Ixé Ygara voltando pra ’ Y’Kûá (sou canoa voltando pra enseada do rio)

Ellen Lima
tipo livro
estado novo
capa comum
editora Urutau
ano de publicação 2021
categoria(s) Poesia, Não-ficção, Ficção
número de páginas 64
peso 170g
dimensões 17cm / 12cm / 1cm
R$ 40,00

descrição

Este livro é um atravessamento. Os versos que atravessam os poemas antes disso atravessaram a história de um país inteiro, contada aqui pela voz poética de uma mulher na medida da sua travessia. A voz criada pela autora, uma mulher brasileira de origem na indígena, conta poema a poema a vivência de milhares de brasileiros cuja identidade e ancestralidade indígena foram atravessadas pela ocidentalização, mas que agora fazem uma nova travessia, a de volta, como uma canoa voltando pra enseada.

O fio condutor dos versos costura a diáspora e o retorno a si, uma retomada que, de dentro pra fora, acompanha o ciclo do mundo, uma reocupação do seu próprio território íntimo, mas tão pessoal quanto universal. E retornar a si mora no reconhecimento em ser ela mesma um resultado dialético da ilusão do Ocidente com sua origem e ancestralidade indígena, aquela que tem a casa com chão de água e paredes de ar.
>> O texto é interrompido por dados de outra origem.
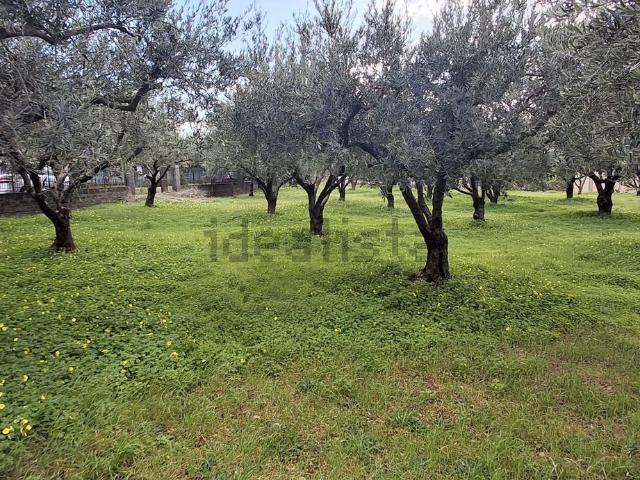 Terreno in vendita a Calabria, Cosenza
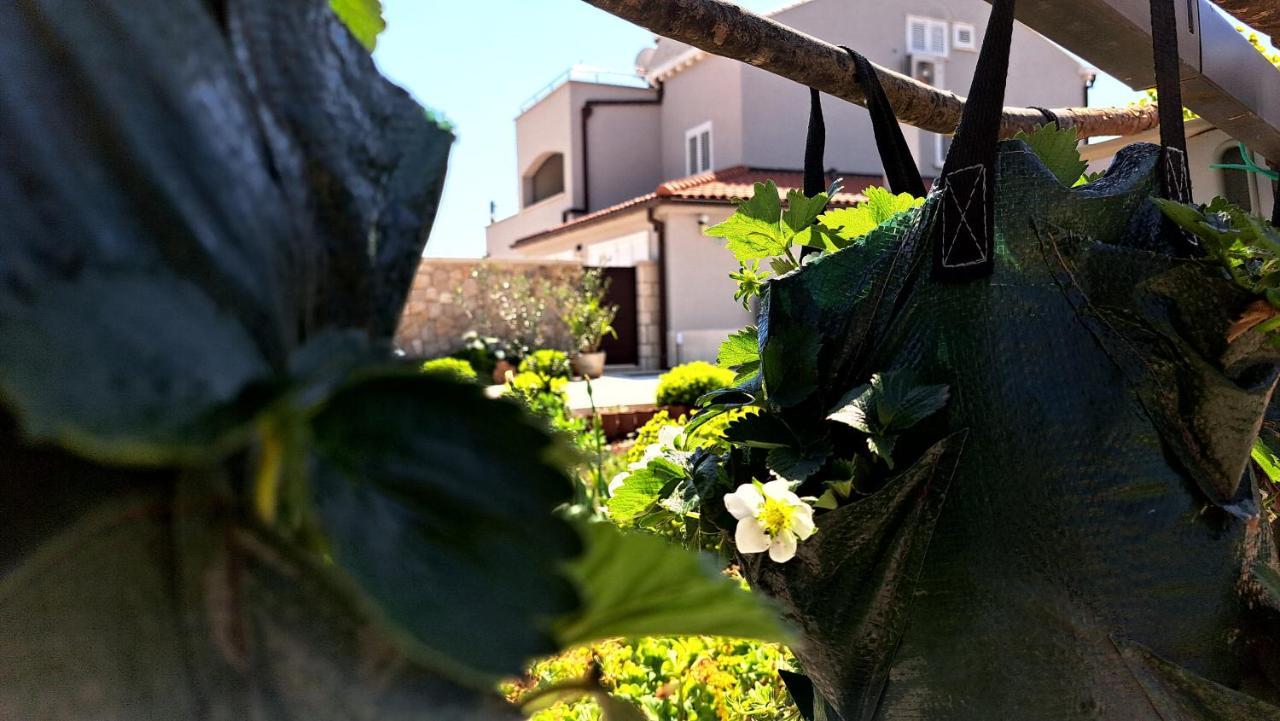 Dubrovnik Airport Apartment Tea Durovici ภายนอก รูปภาพ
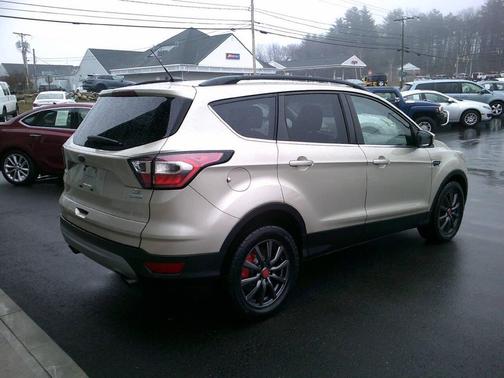White Gold Metallic 2017 Ford Escape SE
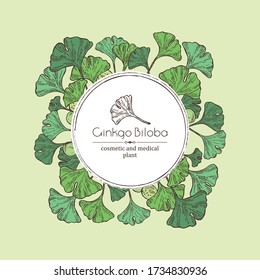 Background with ginkgo: leaves and selling. Cosmetics and medical plant. Vector hand drawn illustration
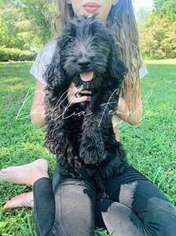 Goldendoodle Puppy for sale in Fort Mill, SC, USA
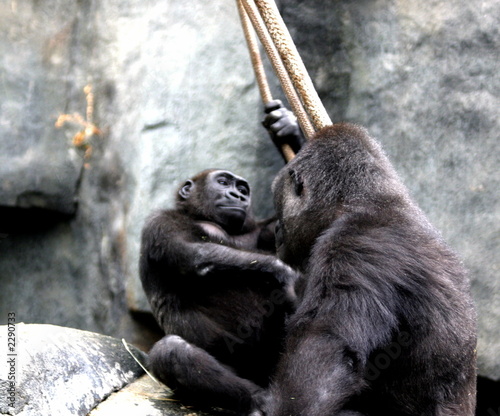 Foto: gorilla and baby gorilla and baby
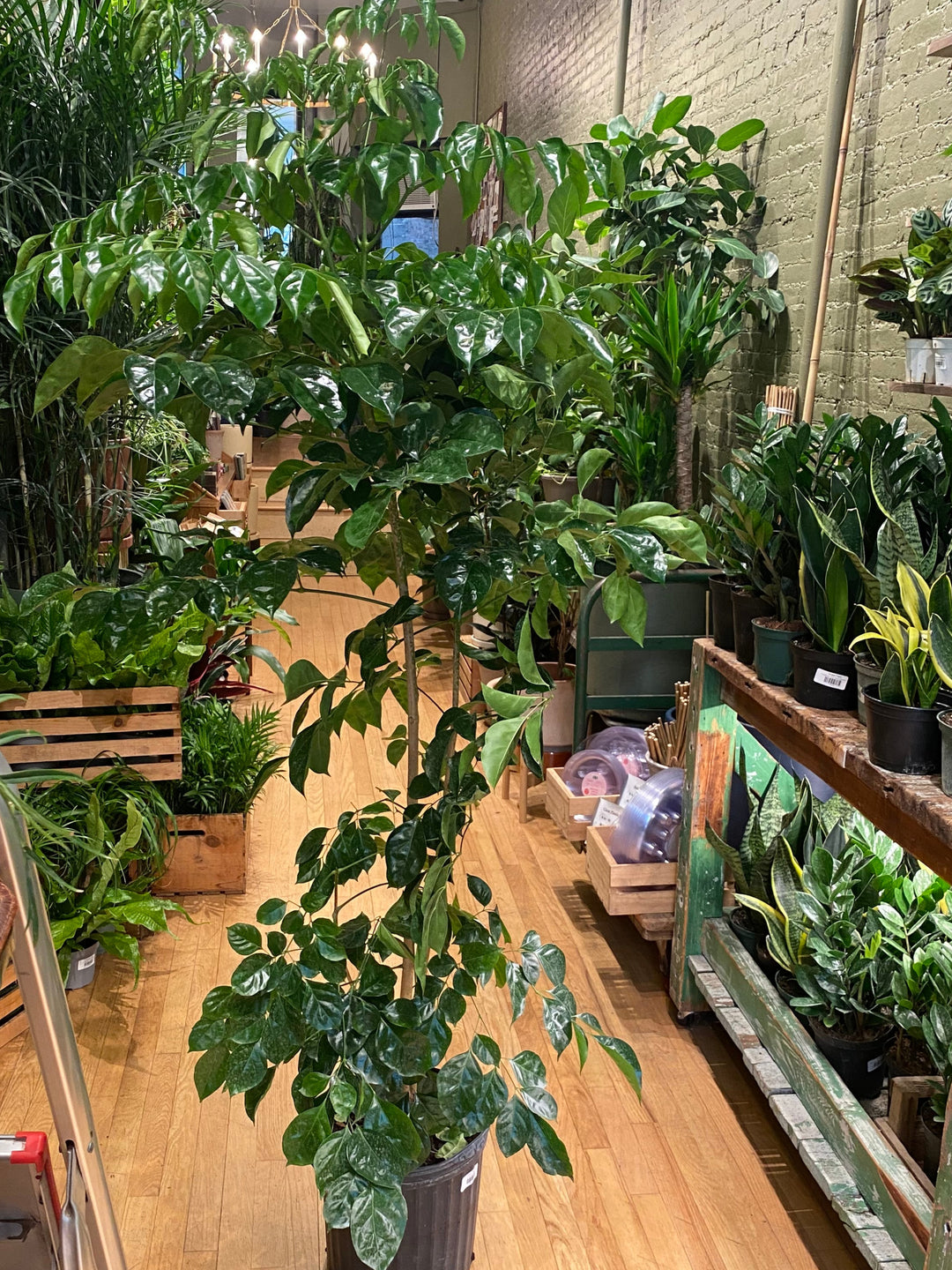 China Doll Plant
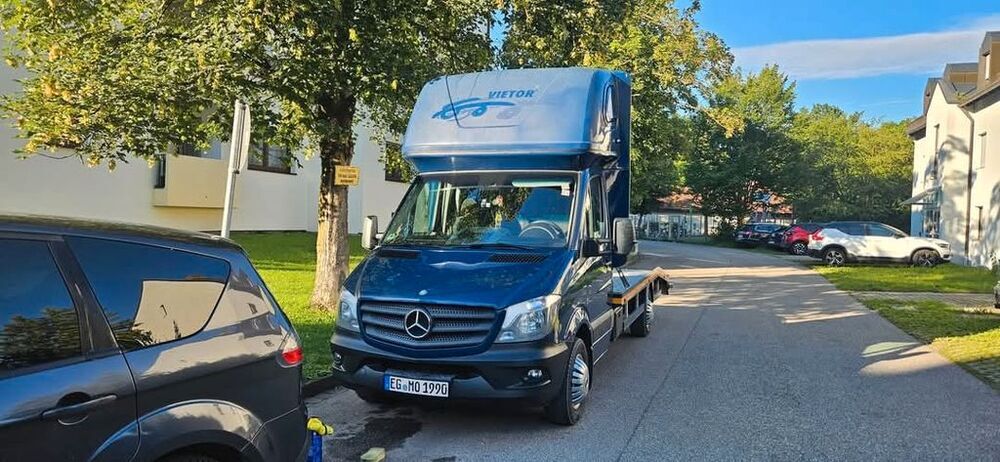 Sprinter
A leitura conduz às sensações mais profundas de uma identidade que, marcada, cortada, ferida, gera uma nova identidade no corpo marcado da moça indígena ocidentalizada que aqui fala: angústias do capitalismo ocidental, pertencimento, não-pertencimento, o paradoxo de morar sob a composição de dois sentidos tão antagônicos, a presença e a vivência da cosmologia indígena, em que a natureza é tão somente si mesma, diz: o mar sou eu, tal e qual o vento, o céu, o pássaro, a, a água, a nuvem, e cuja a morte e a vida gozam do mesmo pleno sentido, estatuto e importância.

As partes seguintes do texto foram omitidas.